Location
- 301 Jaguar Lane Guthrie, Texas 79236-0070 United States
- Coordinates: 33°37′25″N 100°19′27″W﻿ / ﻿33.6235°N 100.3243°W

Information
- School type: Public K-12
- School district: Guthrie Common School District
- Grades: PK-12
- Enrollment: 98 (2023-2024)
- Colors: Green & gold
- Athletics conference: UIL Class A
- Mascot: Jaguar
- Yearbook: Jaguar
- Website: www.guthriejags.com

= Guthrie Common School District =

School district in Texas

Guthrie Common School District is a public school district based in the community of Guthrie, Texas (USA), in central King County.

The school district covers the majority of King County, excepting a portion in the northeast (which instead is in the Crowell Independent School District).

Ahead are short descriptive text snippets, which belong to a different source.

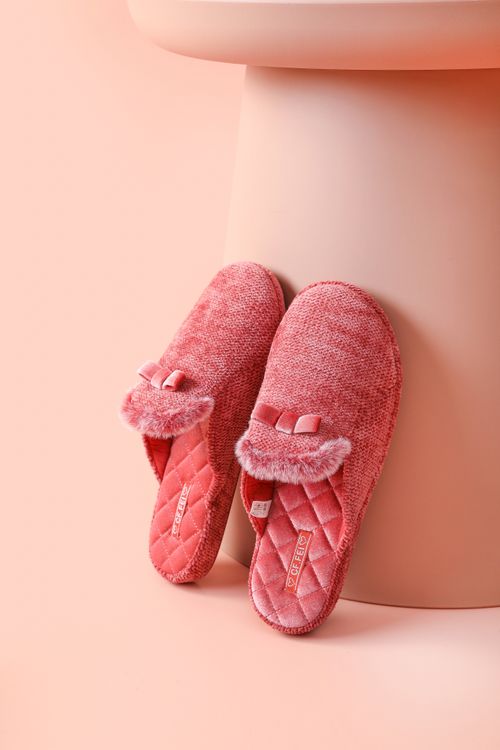 Chenille Fabric Winter Slipper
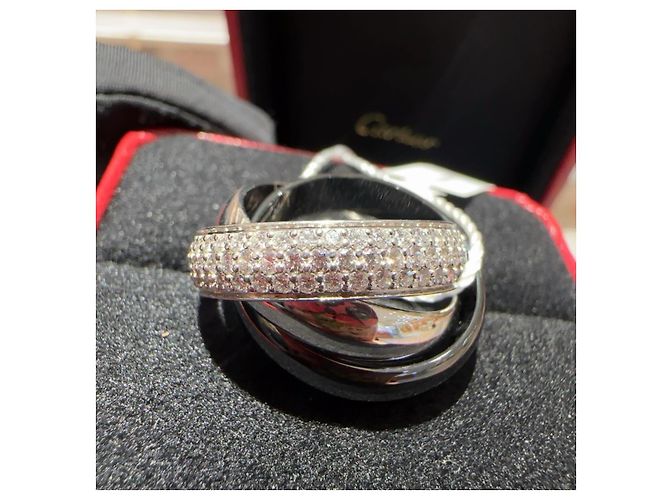 Anello Cartier Trinity Diamanti e Ceramica Nera Nero Bianco Silver hardware - vista 11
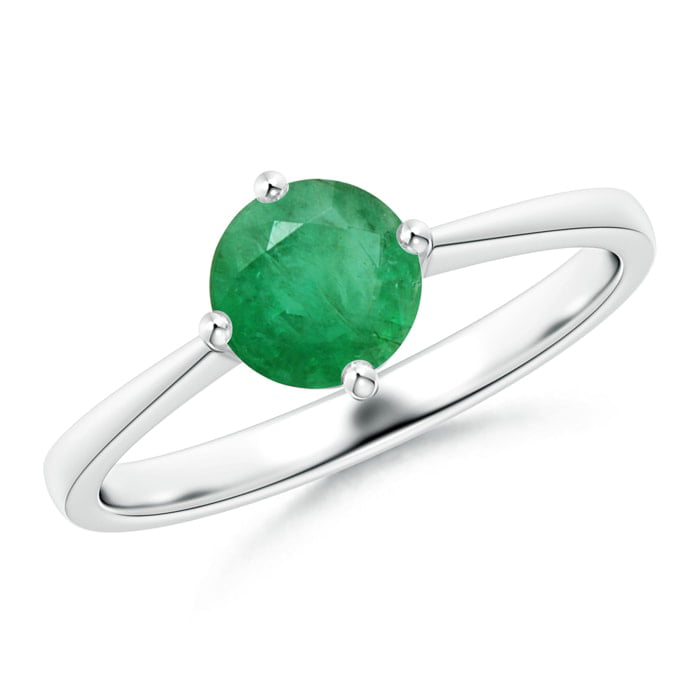 Simple silver Rectangular Natural Emerald Gemstones Wedding Bride Ring Size 6-10 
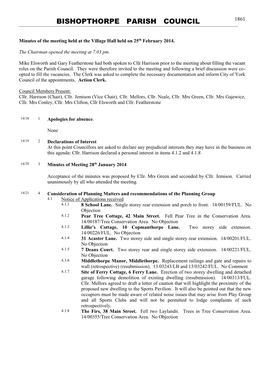 Bishopthorpe Parish Council 1861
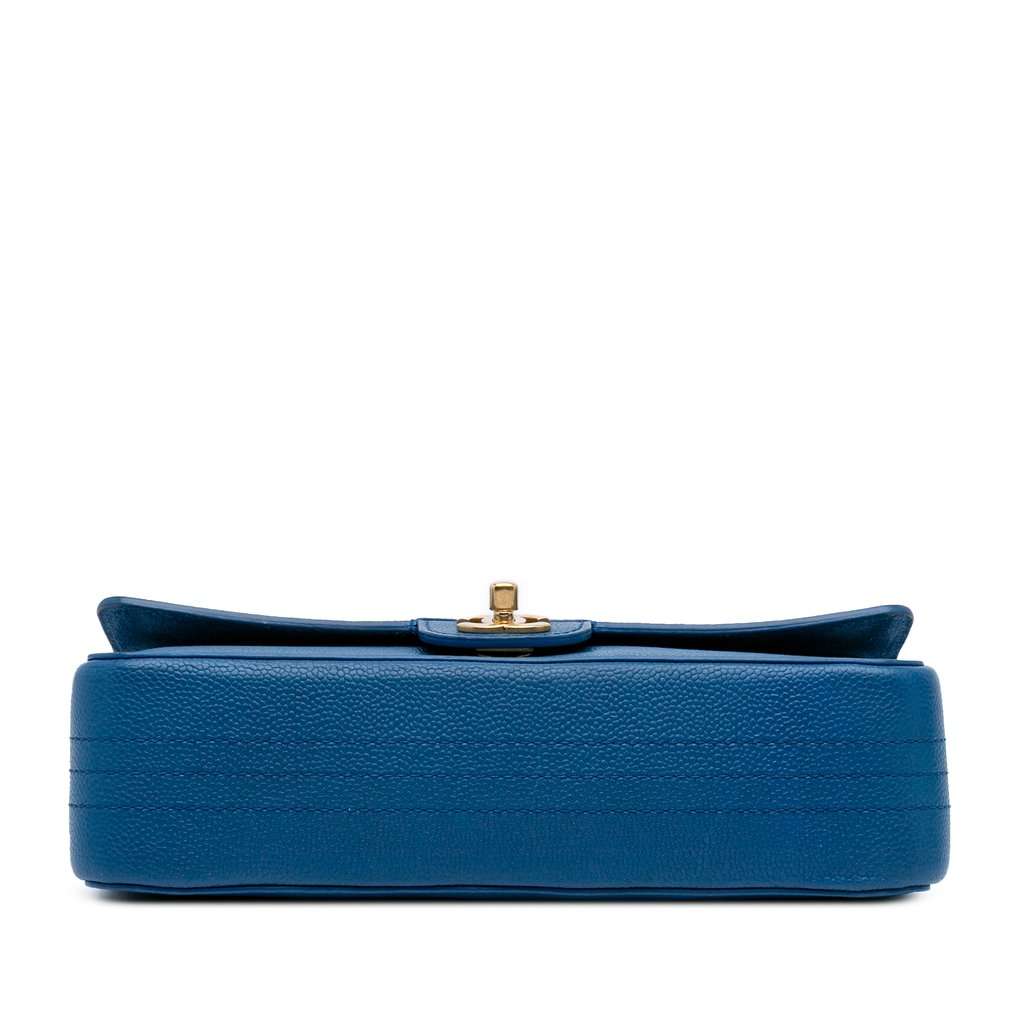 Chanel Medium Classic Caviar Pure Double Flap Blue Leather Very good condition - Inside View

The district operates one building that houses Guthrie School (which serves students in grades kindergarten through twelve), as well as the GCSD administration offices and the King County Library. Guthrie School is a public K-12 school, located in Guthrie, that is classified as a 1A school by the UIL. In 2015, the school was rated "Met Standard" by the Texas Education Agency.

==Academic achievement==
In 2011, the school district was rated "Recognized" by the Texas Education Agency.

==Athletics==
The Guthrie Jaguars compete in cross country, six-man football, basketball, golf, and track.

The school district built a new gymnasium completed for the 2010–2011 season.